What does the shrinkage option in gbm do




I am trying to use gbm for a classification problem,but there is a part I do not understand:

churn.gbm <- gbm(formula = Churned ~ .,
                 distribution = "bernoulli",data = logit.data,
                 n.trees = 5000,interaction.depth = 3,
                 **shrinkage** = 0.001,cv.folds = 4,verbose = T)

What does the shrinkage option do in gbm?
Someplaces I have looked at say that smaller shrinkage gives better results at the expense of more iterations,but then how do we determine an appropriate value of it?
When I have run this model and tried to generate the roc it says not enough distinct predictions,I have tried for shrinkage 0.01-0.001 but the results are all the same.
Can someone please help me in understanding this parameter?

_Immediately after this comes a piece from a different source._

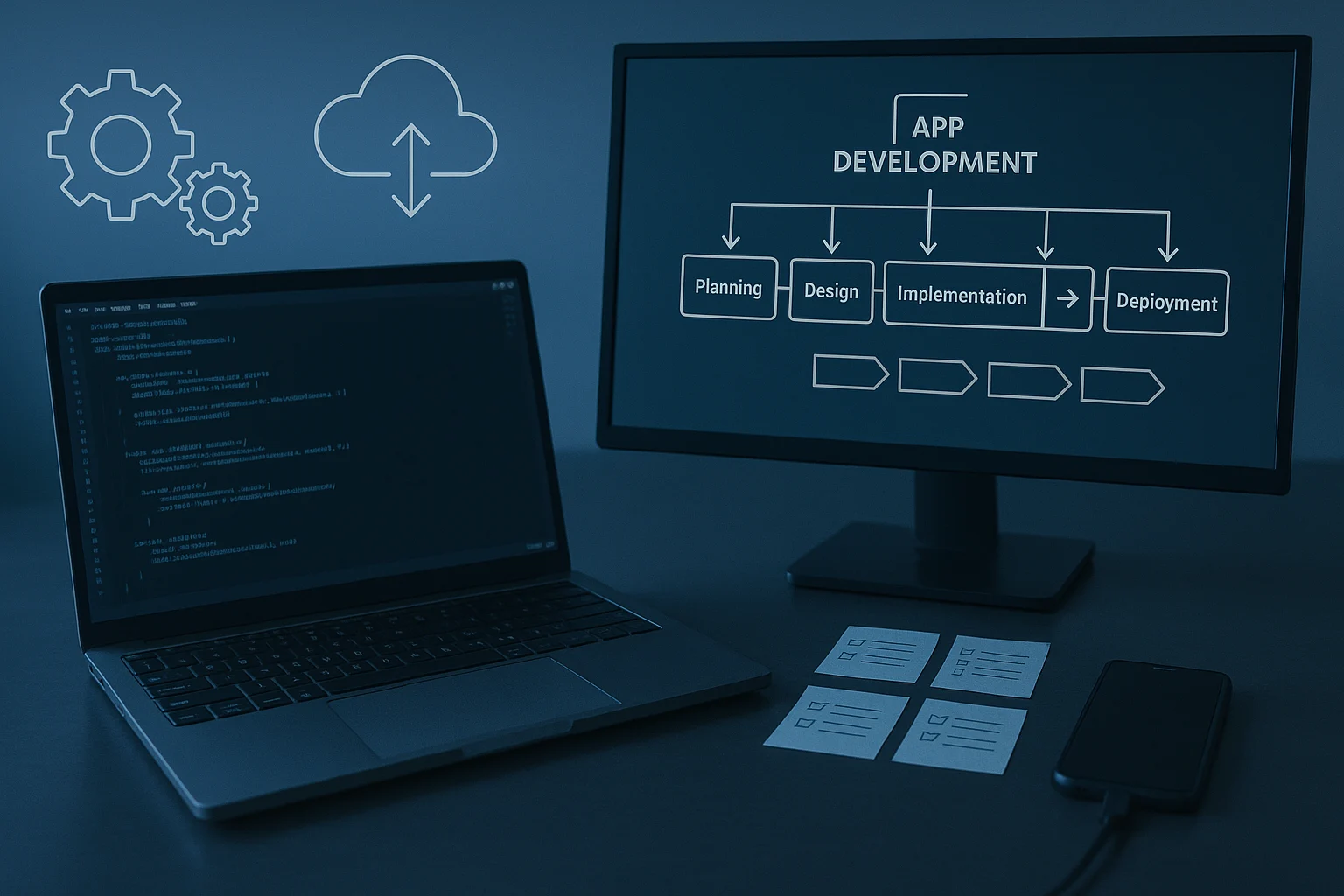 Developer desk with code on laptop, workflow chart on screen and app development tasks arranged neatly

the shrinkage defines the steps taken in the gradient descent of boosting, as boosting will do a convergence toward Y taking an optimisation view.
Higher steeps mean you will converge faster, will the danger missing the optimum point. In Gbm you have to balance shrinkage with iterations, which makes sense. If you take a very small shrinkage you should increase the interations to come to optimum but you are nearly 100% sure to find the optimum (when the delta between iterations is zero).
In gbm this could take huge amount of time, if you can do a first pass using caret with a grid and then go back for optimisation.